» Task description
The whole listing below needs to be duplicated exactly, pictures aside.

» Dataset section
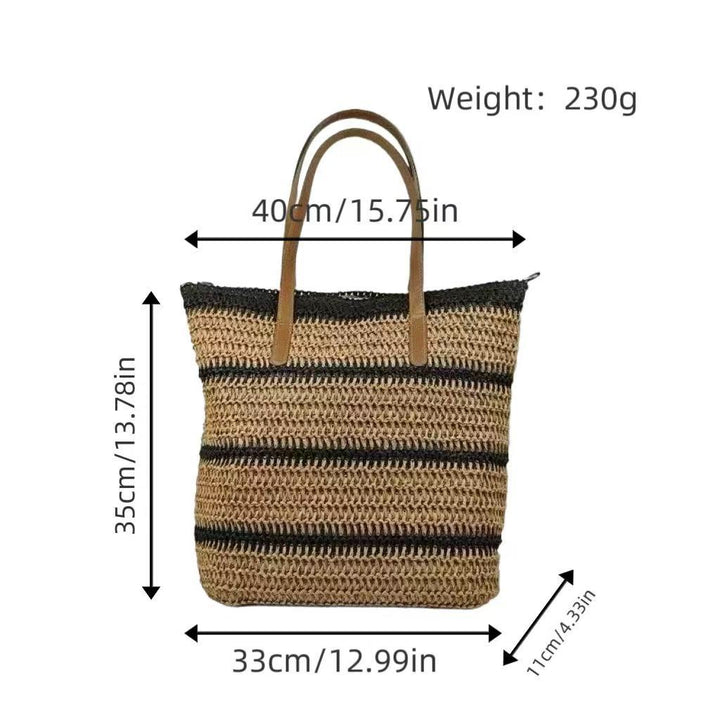 Beach bag with modern stripes and robust carrying straps Bowlift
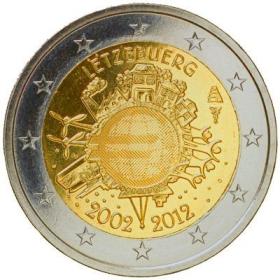 卢森堡2012年欧元货币发行10周年2欧元纪念币 外国钱币硬币 UNC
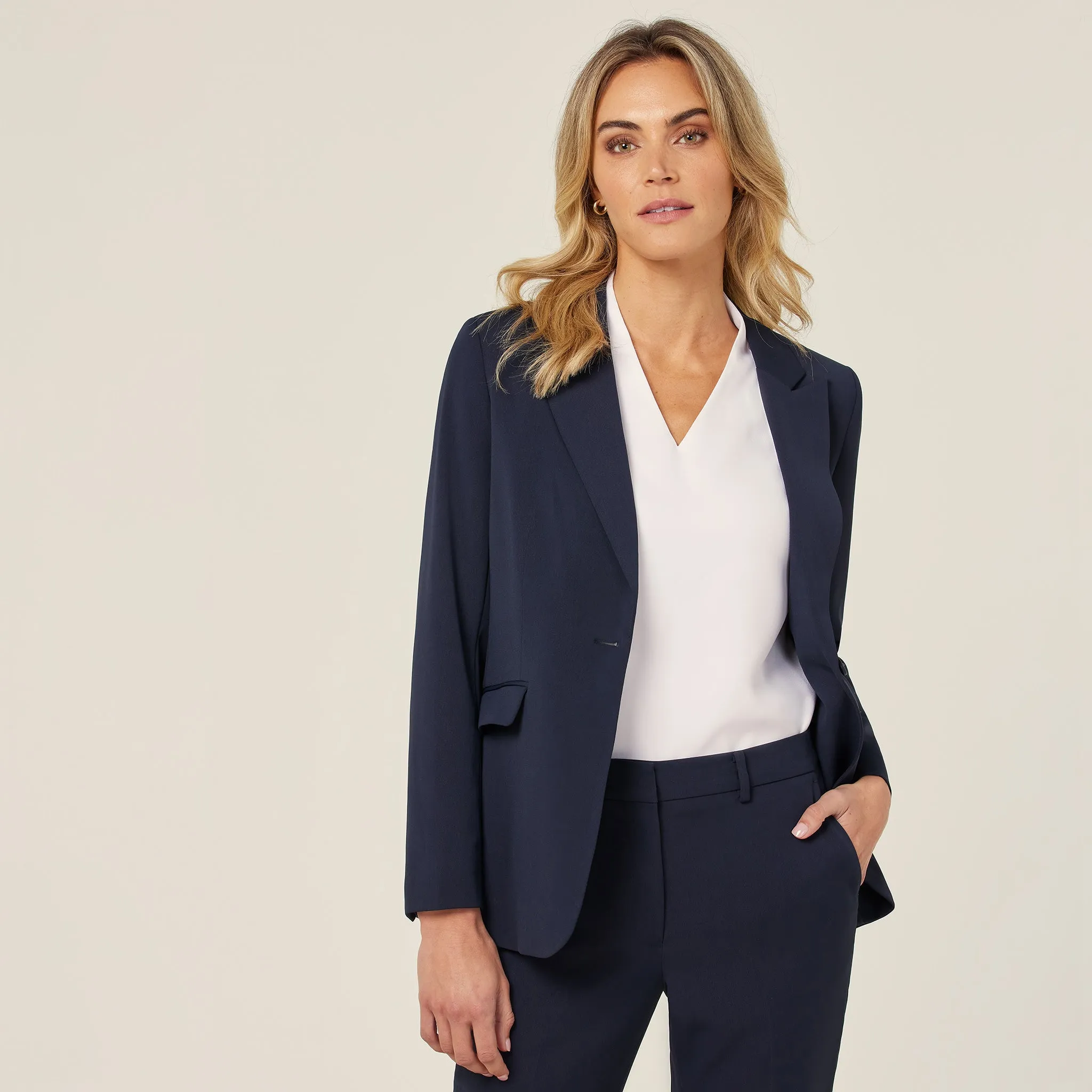 NNT Women's Crepe Streth Longline Jacket - Navy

» Solution to the exercise
 Beach bag with modern stripes and robust carrying straps Bowlift
 卢森堡2012年欧元货币发行10周年2欧元纪念币 外国钱币硬币 UNC
 NNT Women's Crepe Streth Longline Jacket - Navy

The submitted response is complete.